The expression on Okabi's face as he said it told all. Bushido—the Way of the Warrior—was the ancient warrior's code brought to Kawabe centuries before from old Earth itself. It bound us to our master, Prefect Hassan, in our willingness to kill and in our willingness to die. I knew Okabi was as hurt by Holmes's arrest as I was... but he would die by his own hand before he would betray his master. I was subject to the same code. I had grown up on Kawabe, and the people and their ways were my own.

But there was agony in serving this foreigner who exploited my people, as there was agony in considering his betrayal.

My place of duty the following day was in the Judgement Hall as part of Lord Hassan's personal guard. The Prefect occupied his divan on the raised dais at the end of the hall. A servant stood beside him, a bowl of kiwi grapes in her hands, from which he helped himself from time to time. Around his fat neck was a silken band, and one of the luck charm pendants Holmes had been selling dangled at his breast.

‘First on the day's agenda,’ he said. 'On the matter of the street hawkling, Holmes. He still owes a considerable debt to the Company, which, unfortunately, he is no longer able to pay. His account shall be settled today, through his surviving family.'

The family was there, in the hall before him. Holmes's wife was an older woman, once beautiful, but careworn and ragged now in the widow's white garb of mourning. His son was tall and lean and heavily muscled, with defiance and dread mingled in his eyes. Holmes's daughter, a slender girl in her early teens, was radiantly beautiful. Where her father had been short and dark, she was tall, with long auburn hair and eyes haunting in their fear.

‘You!' Hassan barked from his divan. His hand indicated the mother. ‘Old woman. You can do housework, I suppose? Clean? Cook?'

‘Y-yes, Lord...’ Her voice was rough and tortured, her eyes on the luck charm around Hassan's throat.

Then you shall be found work as a domestic. I know an official in the Company who can use your services at his estate. Two years, indentured service. You.' He scowled at the boy. The Company will be able to use you. The Ginoyama mines for you, I'd say. Three years' indenture.’ His eyes fell on the daughter, and the expression on his face made it clear that he'd been saving the best for last. ‘For you, my dear, I think we can find something very, very special.'

He beckoned, but the girl was unable to move. She was shaking, her arms folded in front of her.

‘Come forward!' he demanded. 'Guard! Bring her to me!’

One of the other Guidance Corpsmen in the room took her by one arm and walked her up to Hassan. Hassan watched them approach, his eyes sparkling with unconcealed anticipation. ‘I'd like to have a better look at you, my dear. Undress. Display for us your charms...'

'I protest!’

The shout from across the hall caught everyone by surprise. Hassan half rose from his divan, glowering at the interruption.

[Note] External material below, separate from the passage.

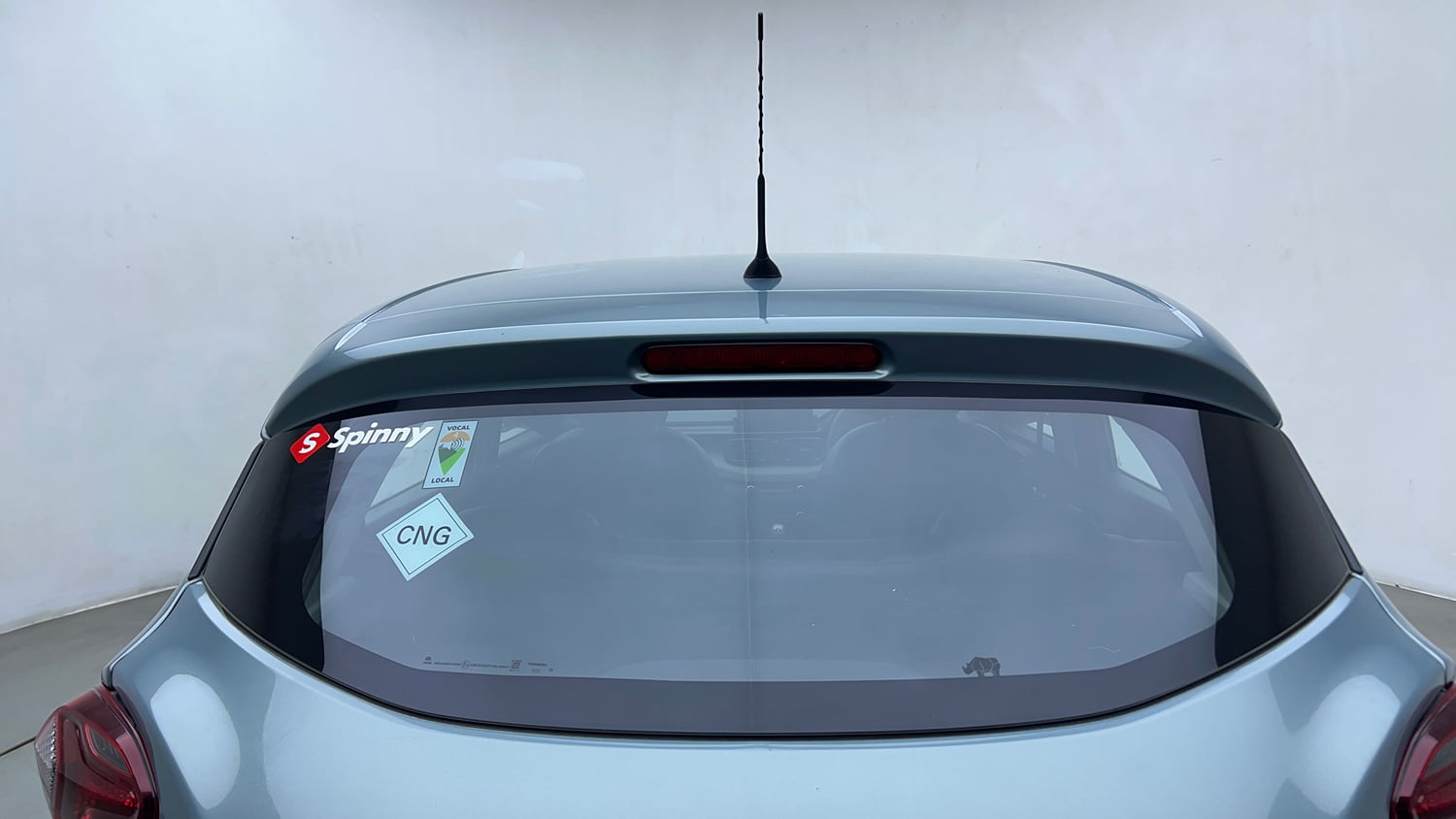 Used 2024 Tata Punch Adventure iCNG Cng Manual exterior BACK WINDSHIELD VIEW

Okabi stood in the hall, the light from skylight above gleaming along the curve of the wakizashi,the short sword, in his hand. Okabi was off duty this day, and for that reason alone would not have been permitted to enter the Judgement Hall with a weapon, but the formal wakizashiwas counted on Kawabe more as personal ornament than weapon, an emblem of honorable citizenship for anyone of the warrior class. The blade held aloft, he approached Hassan's divan, stopped, and kneeled ten paces before the Prefect's dais. Weapons around the room swiveled to cover him, ready to cut him down, but his posture and his expression froze every man in the place.